[EXERCISE INSTRUCTIONS]:
Your answer should be the full data, transcribed exactly, with no pictures in it.

--------------------

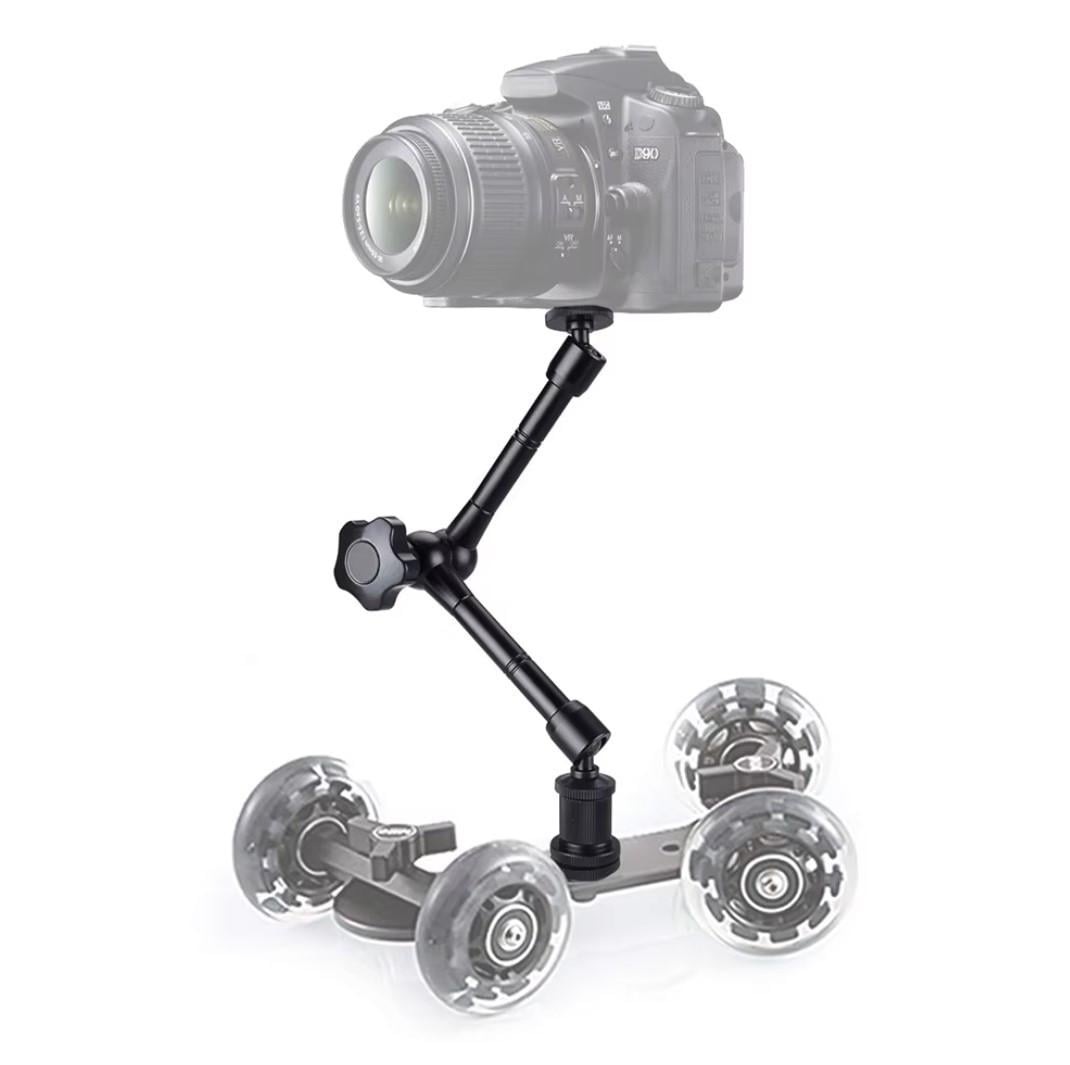 Кронштейн шарнирный Magic Arm 28 см Black (26568913) - фото 5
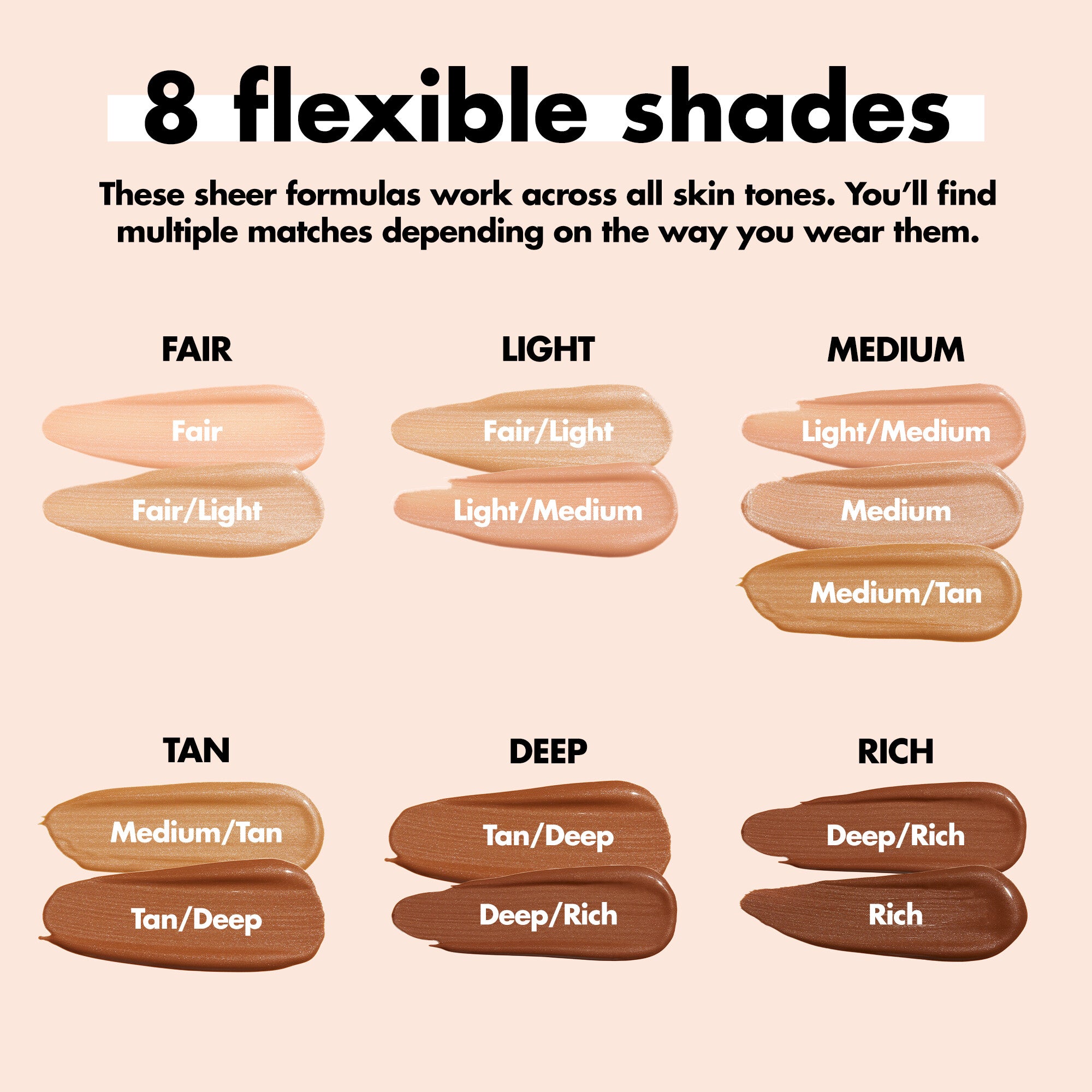 Elf- Halo Glow Liquid Filter- 4 Medium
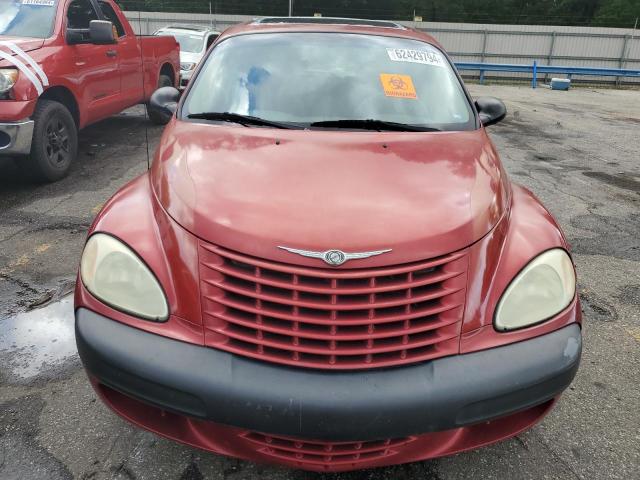 3C4FY48B12T234671 - 2002 CHRYSLER PT CRUISER CLASSIC 红色 照片 5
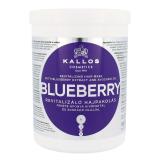 Kallos Cosmetics Blueberry Haarmaske für Frauen 1000 ml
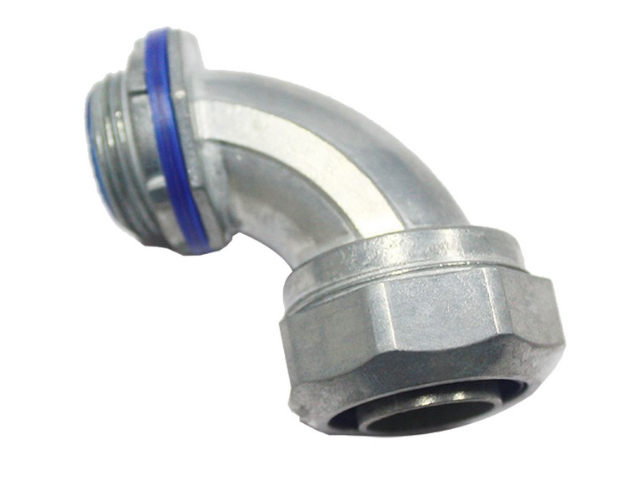 90° Liquid Tight Connectors - Zinc Die Cast 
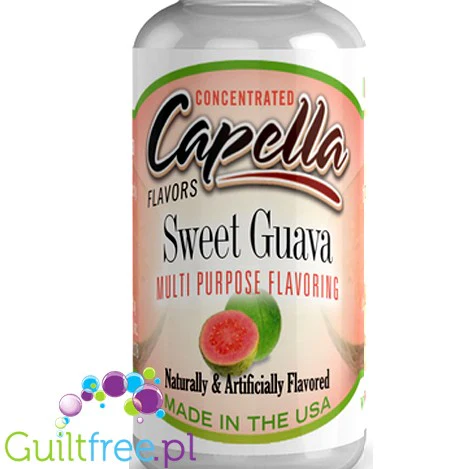 Capella Guava skoncentrowany aromat spożywczy bez cukru i bez tłuszczu - Image 2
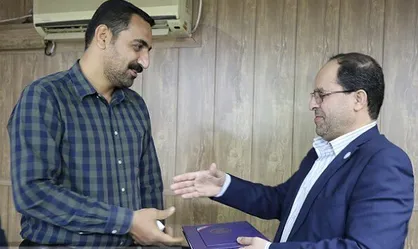دیدار و گفتگوی رئیس دانشگاه تهران با کارکنان آسیب&zwnj;دیده حفاظت فیزیکی دانشگاه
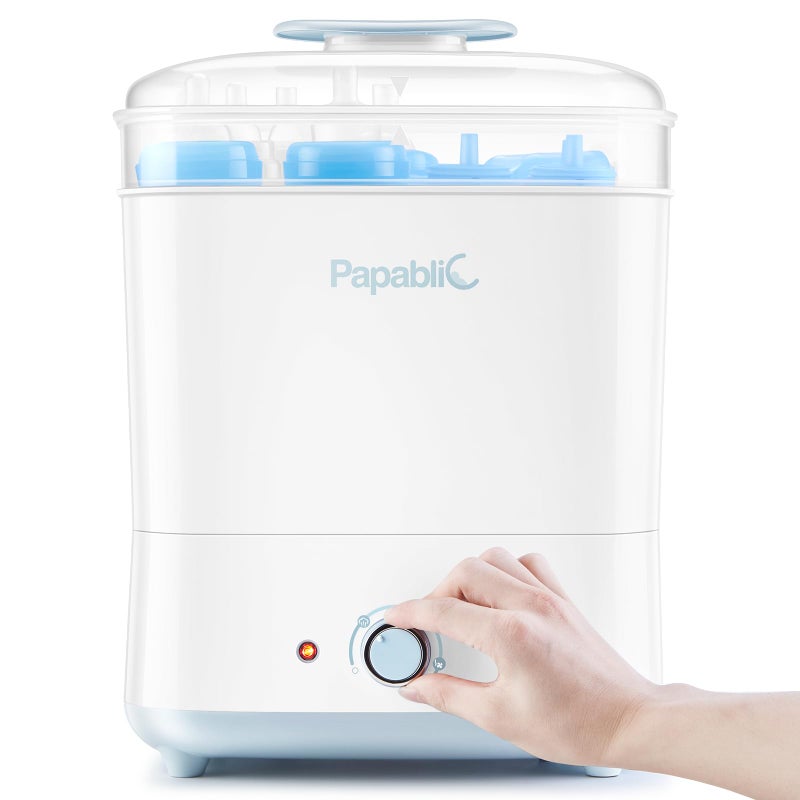 Papablic Baby Bottle Electric Steam Sterilizer and Dryer - Image 1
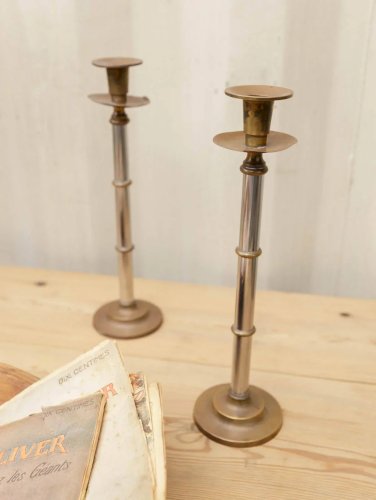 Ulysse, le chandelier en métal N°18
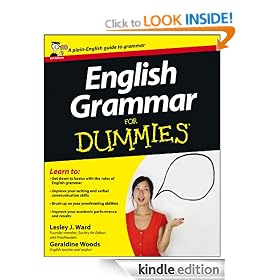 English Grammar For Dummies�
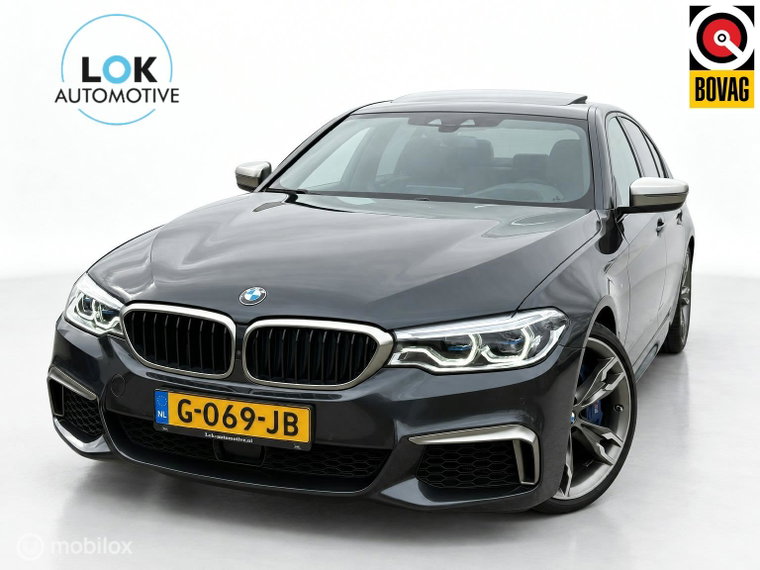 Foto van BMW 5 Serie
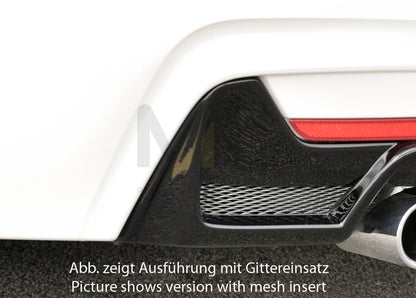 Rieger 00088055 BMW 4 Series F32 F33 F36 Rear Diffuser 6 | ML Performance UK Car Parts
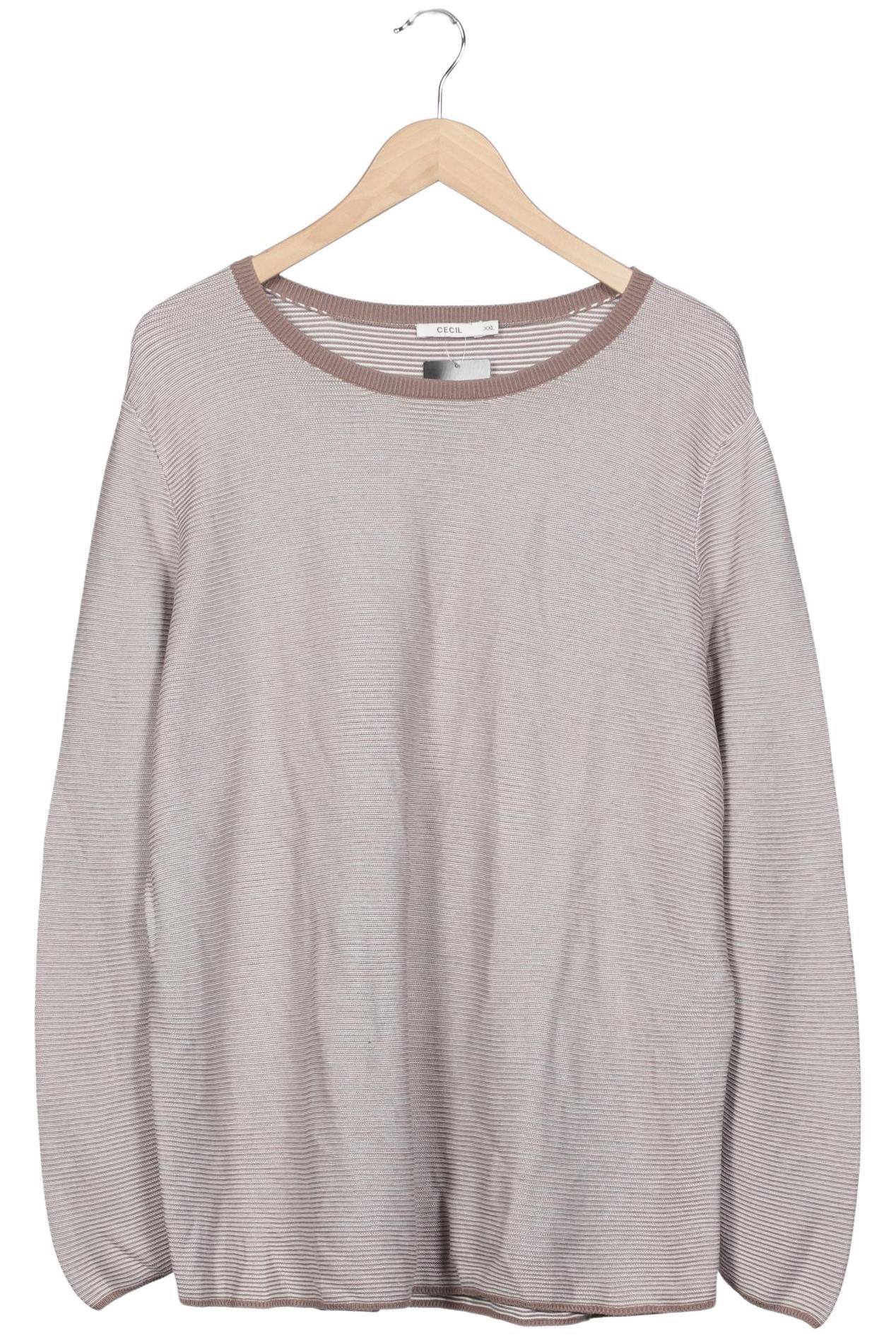 

Cecil Damen Pullover, beige, Gr. 46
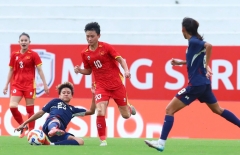 VTV5 VTV6 trực tiếp bóng đá ASIAD hôm nay 21/9: ĐT nữ Việt Nam vs Thái Lan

--------------------

[EXERCISE SOLUTION]:
 Кронштейн шарнирный Magic Arm 28 см Black (26568913) - фото 5
 Elf- Halo Glow Liquid Filter- 4 Medium
 3C4FY48B12T234671 - 2002 CHRYSLER PT CRUISER CLASSIC 红色 照片 5
 Kallos Cosmetics Blueberry Haarmaske für Frauen 1000 ml
 90° Liquid Tight Connectors - Zinc Die Cast 
 Capella Guava skoncentrowany aromat spożywczy bez cukru i bez tłuszczu - Image 2
دیدار و گفتگوی رئیس دانشگاه تهران با کارکنان آسیب&zwnj;دیده حفاظت فیزیکی دانشگاه
 Papablic Baby Bottle Electric Steam Sterilizer and Dryer - Image 1
 Ulysse, le chandelier en métal N°18
 English Grammar For Dummies�
 Foto van BMW 5 Serie
 Rieger 00088055 BMW 4 Series F32 F33 F36 Rear Diffuser 6 | ML Performance UK Car Parts

Cecil Damen Pullover, beige, Gr. 46
 VTV5 VTV6 trực tiếp bóng đá ASIAD hôm nay 21/9: ĐT nữ Việt Nam vs Thái Lan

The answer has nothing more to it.